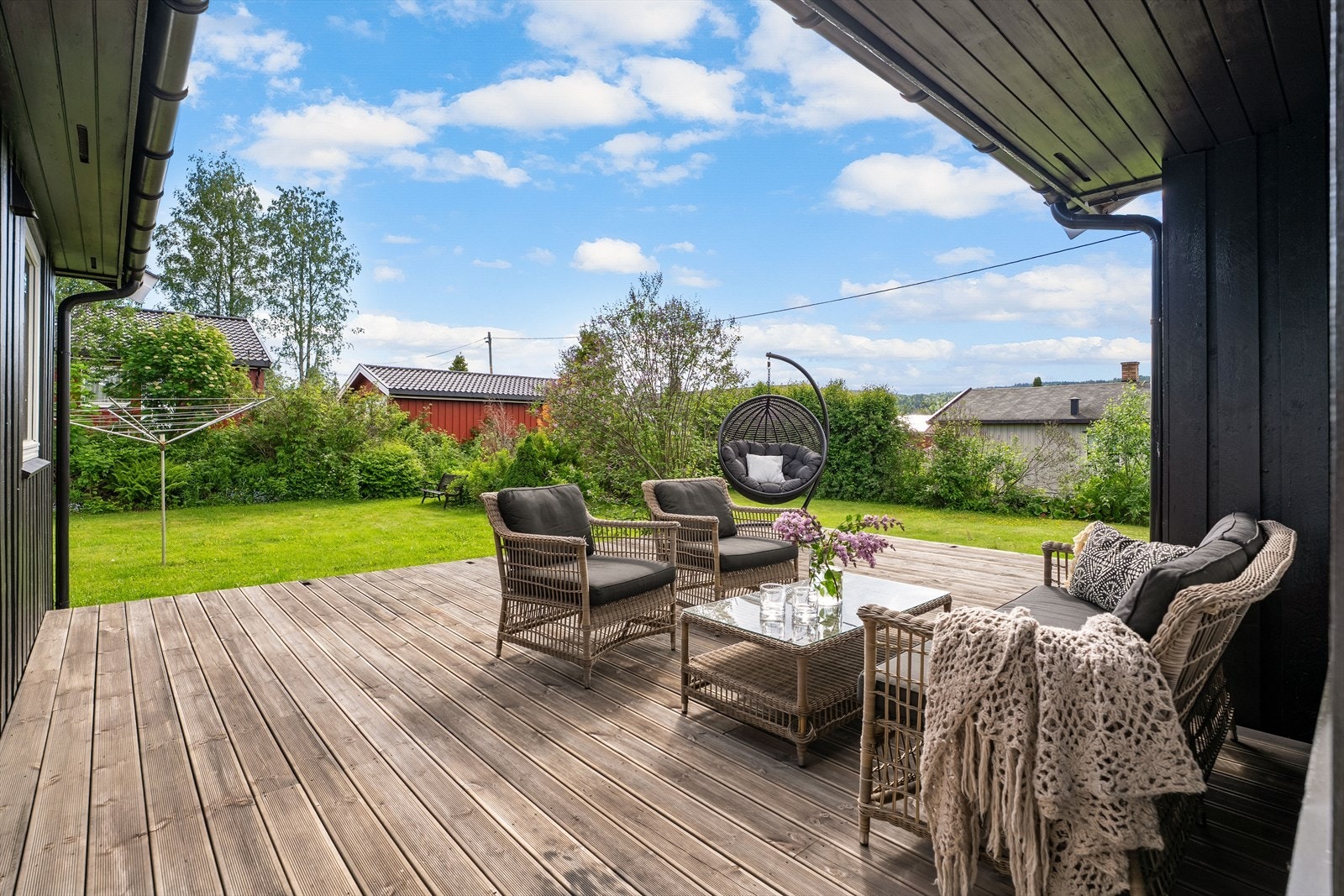 Terrasse med direkte adkomst til hage og grønne uteområder. Galleribilde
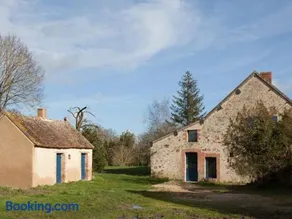 Séjour nature au cœur du Parc de la Brenne: gîte 4 chambres, jardin et terrasse, proche de Rosnay - Image 1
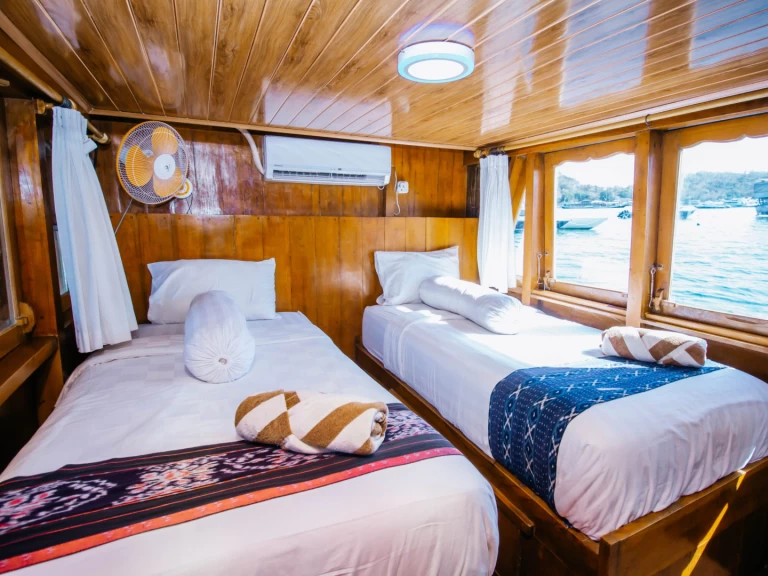 Wynajmij Żaglowiec z lub bez skippera White Pearl 02 w Labuan Bajo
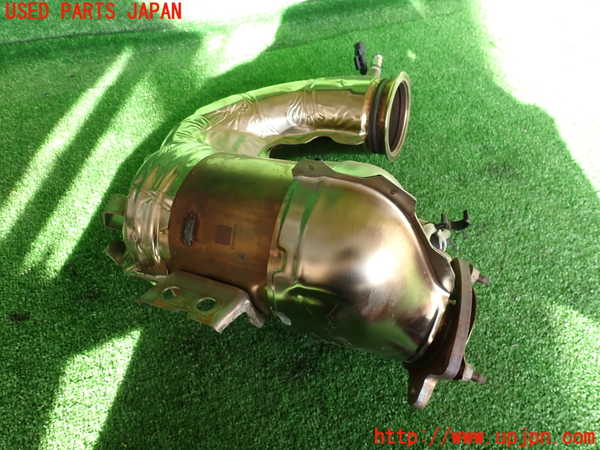 2UPJ-27002661]ボルボ・V90(PB420TMA)触媒1 中古_m0003.jpg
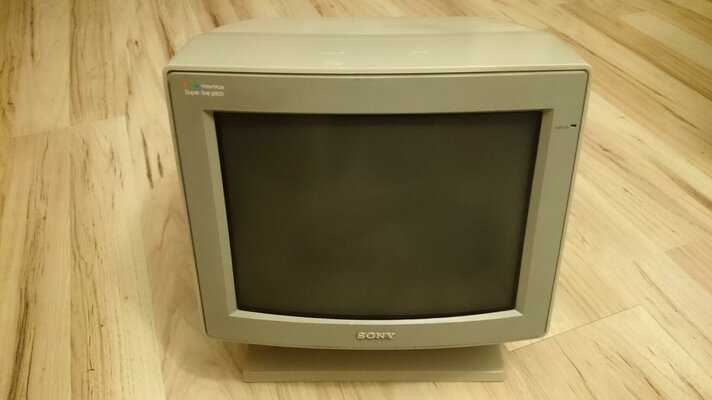 Sony CPD-1402E_My_1.jpg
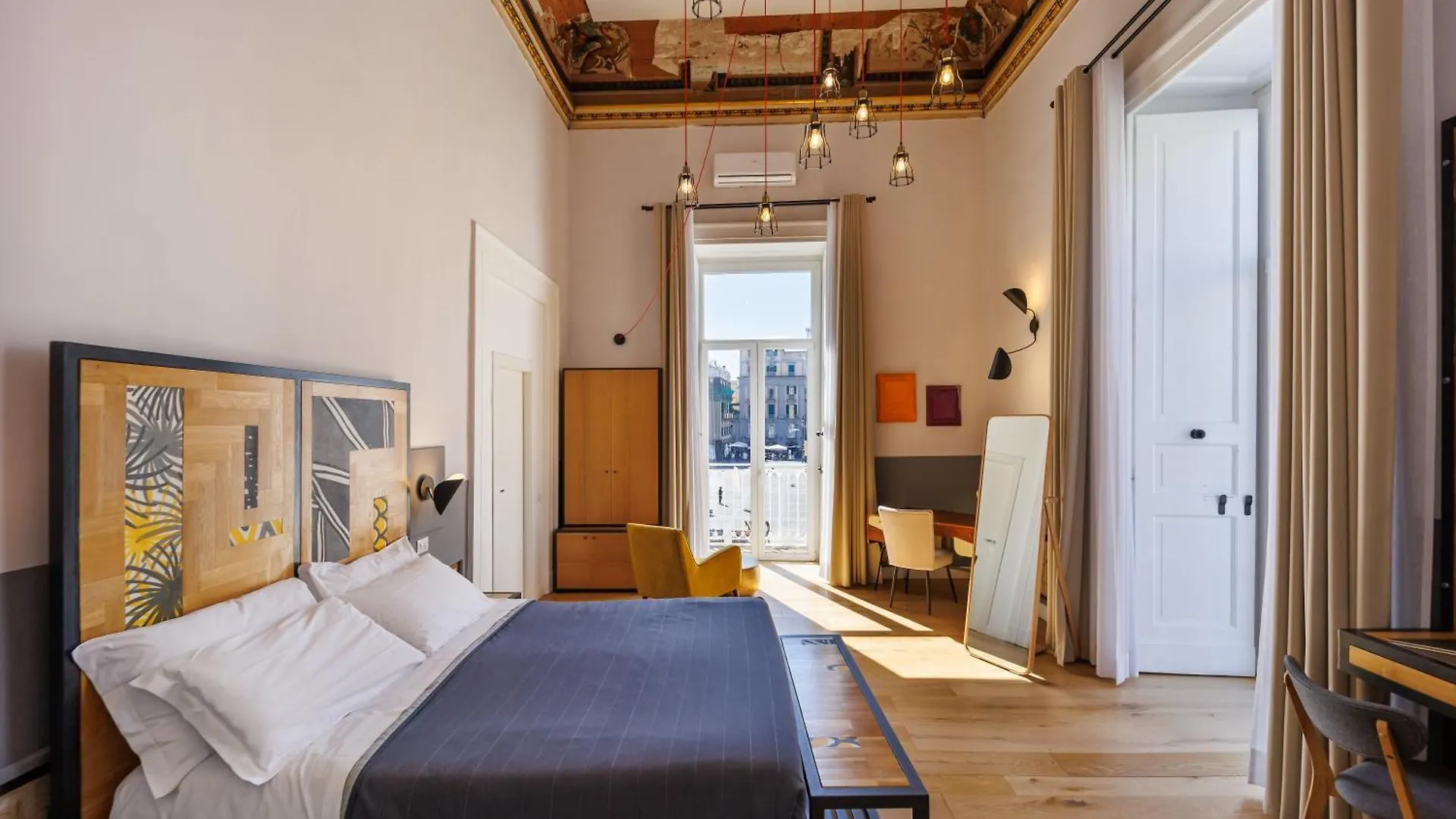 The Dante House By House In Naples Bed & Breakfast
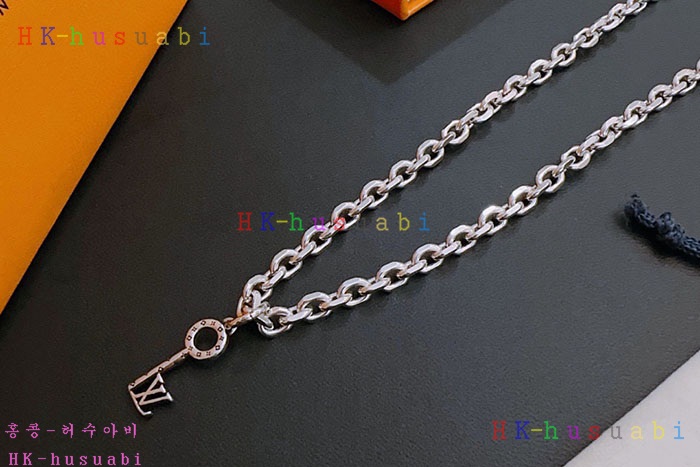 NEW 루이비통 목걸이 신상 LV 258445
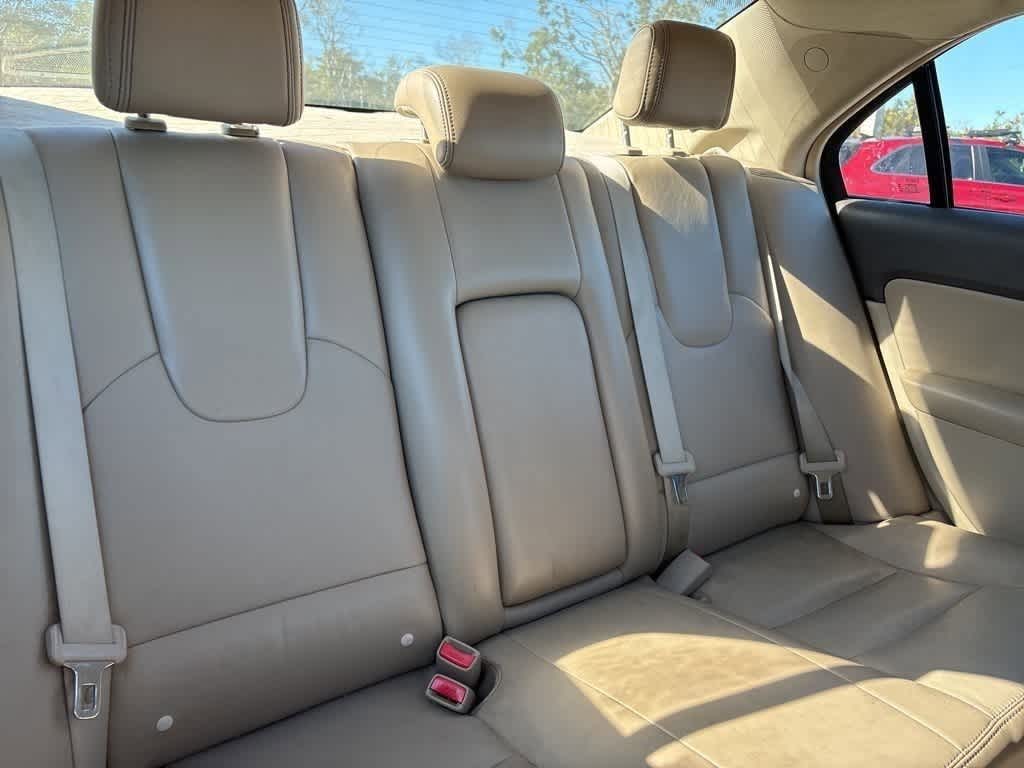 Thumbnail: 2012 Ford Fusion - 10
#####
WORK REQUIRED → Copy the entire listing exactly but skip the pictures.

TASK ANSWER →
 Terrasse med direkte adkomst til hage og grønne uteområder. Galleribilde
 Séjour nature au cœur du Parc de la Brenne: gîte 4 chambres, jardin et terrasse, proche de Rosnay - Image 1
 Wynajmij Żaglowiec z lub bez skippera White Pearl 02 w Labuan Bajo
 2UPJ-27002661]ボルボ・V90(PB420TMA)触媒1 中古_m0003.jpg
 Sony CPD-1402E_My_1.jpg
 The Dante House By House In Naples Bed & Breakfast
 NEW 루이비통 목걸이 신상 LV 258445
 Thumbnail: 2012 Ford Fusion - 10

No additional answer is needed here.